A máxima bíblica e filosófica de que a verdade é libertária mostra-se mais uma vez verdadeira. Lula tirou de letra o festival de afrontas contra ele e seu governo ao pautar sua atuação pelo debate político. Sempre existe saldo positivo no debate político, na participação do povo nos destinos do país. Há, no entanto, um fato decisivo a se considerar: em uma campanha eleitoral, as torpezas são moedas correntes.

Um agente decisivo

As primeiras manchetes do que viria a ser a sórdida onda de ataques ao governo Lula, por exemplo, representou uma espécie de ordem unida. Desde então, o que se viu foi a repetição da sordidez outrora usada contra Vargas — que o levou ao suicídio. Como naqueles idos, nunca se vira tanta ignomínia, tamanha crueldade no aviltamento, tão grande sanha para ferir um homem a quem seus acusadores não têm autoridade para sê-los.

Cometeu-se todos os desmandos, ultrapassou-se todos os limites, rompeu-se todas as convenções. Nada ficou de pé. E a cada um dos desatinos parecia que a única preocupação era superar os anteriores. O único objetivo foi o de criar um coro alucinado na toada fria e implacável das invectivas. Mas havia um agente decisivo em tudo aquilo: o povo. E a imensa maioria do povo ficou ao lado da verdade.

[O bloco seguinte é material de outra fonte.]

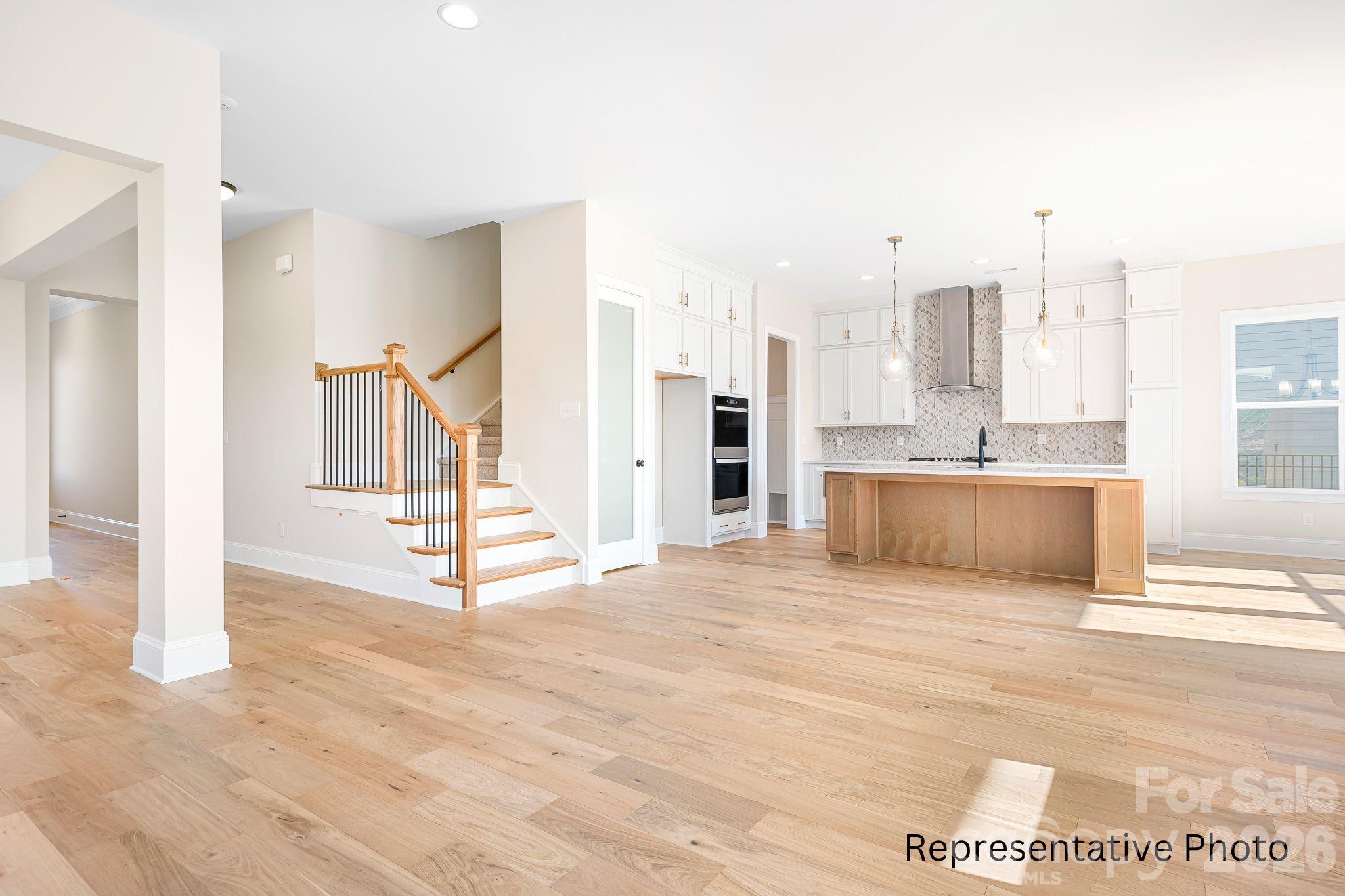 4172 Millstream Road, Unit 137 Denver, NC 28037 - Photo 2 of 28 a view of a livingroom with kitchen and staircase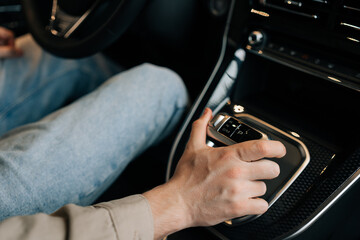 Closeup high-angle view of unrecognizable male sitting on driver seat shifting automatic transmission in car. Close-up hand of driver man moving lever arm on gearbox to add speed.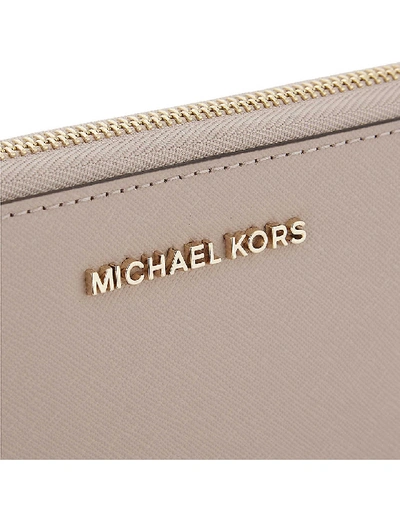 Shop Michael Michael Kors Leather Wristlet In Soft Pink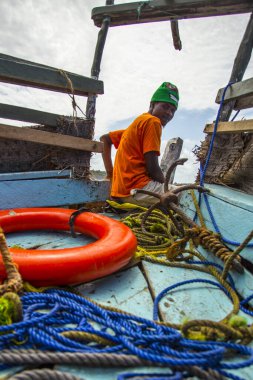 Wasini, Kenya - August 2018: African man in t-shirt on the front of the traditional Wasini boat looking at the sea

Mas Álvaro Dias é viciado em mentiras. Quem o conhece sabe disso muito bem. Tanto que foi um dos mais ativos militantes da direita festiva quando ela tentou dar o golpe em Lula. Sua fala, reavivando a veia golpista, mostra que Lula tem inteira razão ao reivindicar uma melhor representação paranaense no Senado.

Uma humilhação a mais

No começo da novela do “mensalão”, Álvaro Dias disse: “Tomara que a gente pegue alguém”. (Que alguém? Vai saber… Mas e as provas? Bem, aí já estávamos querendo demais.) No meio da novela do “mensalão”: “Faço uma roleta-russa com seis balas no revólver se o Lula sair dessa!”. (Felizmente, a reeleição do presidente parece ter lhe tirado as energias para o gesto.). Na reta final da novela do “mensalão”: “Os papéis que serão aprendidos pela CPI dos Correios vão abalar os pilares da nação”. Depois, quando a realidade se mostrou bem menos formidável para ele: “Eu queria que a coisa fosse bem maior, mas não é”.

Recordo também um diálogo, por escrito, que mantive com um assessor de Álvaro Dias sobre o que ele chamou “bolsa esmola” e falei do povo como “agente decisivo”. “Quando você diz que há um agente decisivo; o povo, você deveria dizer o povo que recebe bolsa esmola, e acredito até que você esteja incluído entre eles”, insultou o assessor. Respondi: “Você acertou na mosca! Falo desse povo sim, que recebe o que você preconceituosamente chama de ‘bolsa esmola’. Os pobres sempre foram humilhados e não será uma humilhação a mais que fará diferença.”

Disse ainda que gente como Álvaro Dias sempre odiou o povo e o trata como os racistas do Sul dos Estados Unidos tratavam os negros — segundo a fina ironia do escritor George Bernard Shaw. Primeiro, reduziam os negros, no mercado de trabalho, à condição de engraxates; depois, concluíam que “negro só serve mesmo para engraxar sapatos”.

O “mensalão” de Maringá

A verdade é que a origem da corrupção certamente não está onde aquela onda denuncista capitaneada por Álvaro Dias tentou apontar. Sociedades inteiras podem viver ao lado do crime por muito tempo, fingindo tranqüilidade enquanto a sujeira supostamente mora longe — creio que a maioria da população da minha querida Maringá não ignora o que ocorreu na cidade quando o tucano Jairo Gianoto era prefeito e, em conluio com o senador mitômano, comandou um “mensalão” de dimensões ainda incalculadas.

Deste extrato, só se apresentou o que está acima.